Di sebelahnya, Tedi sudah ternganga mendengar ibunya marah-marah. Sementara suaminya sudah mengurut kening.
“Aku menikahimu karena kamu adalah air untuk apiku. Kamu adalah genap bagi ganjilku. Kamu adalah biru untuk langitku. Bagaimana bisa aku tidak menikahimu jika di dekatmu kehidupanmu terasa begitu mengesankan?” ucap suaminya lembut.
“Bagaimana bisa kau membercandaiku dengan diksi menjijikkan itu disaat aku sedang marah begini, Paakk?!” teriak istrinya.
“Aku tidak bercanda. Dan aku tidak pernah seserius ini.” tambah suaminya lagi.
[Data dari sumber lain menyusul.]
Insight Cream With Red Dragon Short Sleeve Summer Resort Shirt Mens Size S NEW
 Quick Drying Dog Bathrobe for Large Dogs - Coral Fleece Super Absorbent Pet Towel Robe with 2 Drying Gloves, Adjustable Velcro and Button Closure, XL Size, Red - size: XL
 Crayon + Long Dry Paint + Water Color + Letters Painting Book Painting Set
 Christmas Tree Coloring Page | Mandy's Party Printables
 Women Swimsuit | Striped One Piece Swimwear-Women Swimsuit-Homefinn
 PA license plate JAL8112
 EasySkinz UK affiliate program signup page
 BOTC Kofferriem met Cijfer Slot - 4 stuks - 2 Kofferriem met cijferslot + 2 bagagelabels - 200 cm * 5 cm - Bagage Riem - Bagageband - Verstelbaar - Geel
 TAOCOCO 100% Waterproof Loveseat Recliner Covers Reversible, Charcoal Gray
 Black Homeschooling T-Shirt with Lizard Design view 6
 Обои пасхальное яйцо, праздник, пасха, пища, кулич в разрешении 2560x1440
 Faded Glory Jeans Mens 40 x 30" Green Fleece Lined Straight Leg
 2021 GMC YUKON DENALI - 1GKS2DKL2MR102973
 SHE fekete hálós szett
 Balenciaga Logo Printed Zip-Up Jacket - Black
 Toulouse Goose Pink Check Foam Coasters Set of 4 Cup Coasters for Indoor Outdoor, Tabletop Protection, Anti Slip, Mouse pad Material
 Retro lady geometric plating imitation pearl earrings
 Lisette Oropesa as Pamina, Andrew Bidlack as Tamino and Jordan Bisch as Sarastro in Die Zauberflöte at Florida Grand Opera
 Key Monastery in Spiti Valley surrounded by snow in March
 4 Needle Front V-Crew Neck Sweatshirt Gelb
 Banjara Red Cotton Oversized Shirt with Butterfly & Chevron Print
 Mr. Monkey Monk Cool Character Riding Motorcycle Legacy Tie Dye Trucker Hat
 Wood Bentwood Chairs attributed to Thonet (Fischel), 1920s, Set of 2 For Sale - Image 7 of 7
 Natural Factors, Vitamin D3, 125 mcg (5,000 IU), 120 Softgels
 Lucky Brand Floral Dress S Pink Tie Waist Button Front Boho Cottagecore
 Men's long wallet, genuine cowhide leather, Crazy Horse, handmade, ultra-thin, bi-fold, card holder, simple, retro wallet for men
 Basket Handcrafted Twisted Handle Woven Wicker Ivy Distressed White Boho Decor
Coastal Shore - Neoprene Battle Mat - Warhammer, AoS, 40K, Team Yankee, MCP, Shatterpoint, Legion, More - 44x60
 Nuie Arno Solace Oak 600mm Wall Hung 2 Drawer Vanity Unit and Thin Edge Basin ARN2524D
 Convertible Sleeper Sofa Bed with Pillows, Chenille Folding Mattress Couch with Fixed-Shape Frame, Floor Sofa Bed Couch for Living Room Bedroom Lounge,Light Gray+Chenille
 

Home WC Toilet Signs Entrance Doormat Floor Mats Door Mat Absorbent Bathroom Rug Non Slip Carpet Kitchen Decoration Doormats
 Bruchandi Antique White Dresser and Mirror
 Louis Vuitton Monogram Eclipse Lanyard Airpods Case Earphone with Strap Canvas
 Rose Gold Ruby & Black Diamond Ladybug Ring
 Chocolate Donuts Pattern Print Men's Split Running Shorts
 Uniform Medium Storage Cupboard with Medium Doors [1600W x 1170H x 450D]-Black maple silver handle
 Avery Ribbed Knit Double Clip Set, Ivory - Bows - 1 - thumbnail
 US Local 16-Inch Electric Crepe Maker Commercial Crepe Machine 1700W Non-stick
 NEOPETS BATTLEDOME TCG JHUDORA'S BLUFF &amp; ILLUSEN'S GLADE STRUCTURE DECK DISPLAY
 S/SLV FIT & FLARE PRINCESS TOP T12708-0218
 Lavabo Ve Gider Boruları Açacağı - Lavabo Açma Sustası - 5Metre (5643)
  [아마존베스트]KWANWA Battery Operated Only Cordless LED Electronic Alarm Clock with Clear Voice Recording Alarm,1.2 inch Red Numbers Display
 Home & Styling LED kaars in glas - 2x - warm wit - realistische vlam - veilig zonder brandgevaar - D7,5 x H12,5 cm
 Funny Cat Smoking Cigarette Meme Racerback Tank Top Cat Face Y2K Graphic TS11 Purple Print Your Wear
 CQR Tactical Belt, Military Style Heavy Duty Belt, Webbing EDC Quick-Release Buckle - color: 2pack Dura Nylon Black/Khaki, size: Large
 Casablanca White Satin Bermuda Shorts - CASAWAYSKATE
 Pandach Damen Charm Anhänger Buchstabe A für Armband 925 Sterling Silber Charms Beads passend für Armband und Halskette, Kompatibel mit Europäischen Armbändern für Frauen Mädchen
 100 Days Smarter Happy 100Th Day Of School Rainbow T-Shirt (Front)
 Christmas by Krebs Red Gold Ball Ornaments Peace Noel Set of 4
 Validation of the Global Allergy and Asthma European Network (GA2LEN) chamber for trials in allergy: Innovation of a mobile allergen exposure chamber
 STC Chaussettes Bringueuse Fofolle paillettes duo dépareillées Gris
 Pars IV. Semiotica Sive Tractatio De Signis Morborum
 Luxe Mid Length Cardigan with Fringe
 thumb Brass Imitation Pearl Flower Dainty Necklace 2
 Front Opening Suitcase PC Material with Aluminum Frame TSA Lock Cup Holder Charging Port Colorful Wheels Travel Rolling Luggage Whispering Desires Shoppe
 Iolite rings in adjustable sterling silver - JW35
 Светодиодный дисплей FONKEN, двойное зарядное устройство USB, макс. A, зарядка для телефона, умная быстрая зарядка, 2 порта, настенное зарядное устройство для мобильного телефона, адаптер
Raut wajah wanita itu memerah, antara terharu dan berusaha menahan amarah. Berdiri ia segera untuk membereskan sisa makan malam itu. Tedi sudah diusirnya untuk kembali masuk ke kamar. Mengerjakan tugas sekolah. Diantara dentingan piring yang disusun menjadi satu, lelaki itu menatap istrinya sambil tersenyum. Puas sekali bisa melihat istrinya marah-marah seperti tadi. Jadi kelihatan tambah cantik. Tidak, perempuan itu tetap cantik dalam tawa dan amarahnya. Dan semakin cantik ketika wanita itu melahirkan Tedi untuknya.
* * *
Tedi terbangun dari tidurnya. Terseok dia melangkah ke luar untuk mengetahui apa yang sedang terjadi. Suara berisik itu datang dari arah dapur. Apa sudah subuh? pikirnya lagi. Tetapi ia terkejut ketika melirik jam dinding yang masih menunjukkan pukul 1 malam. Dibukanya tirai penutup pintu yang membatasi ruang dapur.
“Ibu sedang apa? Kenapa berisik sekali malam-malam begini?”
Kinar menoleh, matanya sembab. “Ibu sedang menggoreng doa-doa, Nak. Sesekali ibu campurkan air mata. Barangkali esok pagi bapakmu mendapat kerja. Semoga Tuhan mengabulkannya.”
Tedi terdiam mendengar ucapan ibunya.  Tiba-tiba dadanya sesak. Pikirannya melalangbuana. Keringat dingin berkumpul di dahinya, hanya satu yang ia pikirkan saat itu, “Apa.. Apakah.. Apakah ibu sudah gila?”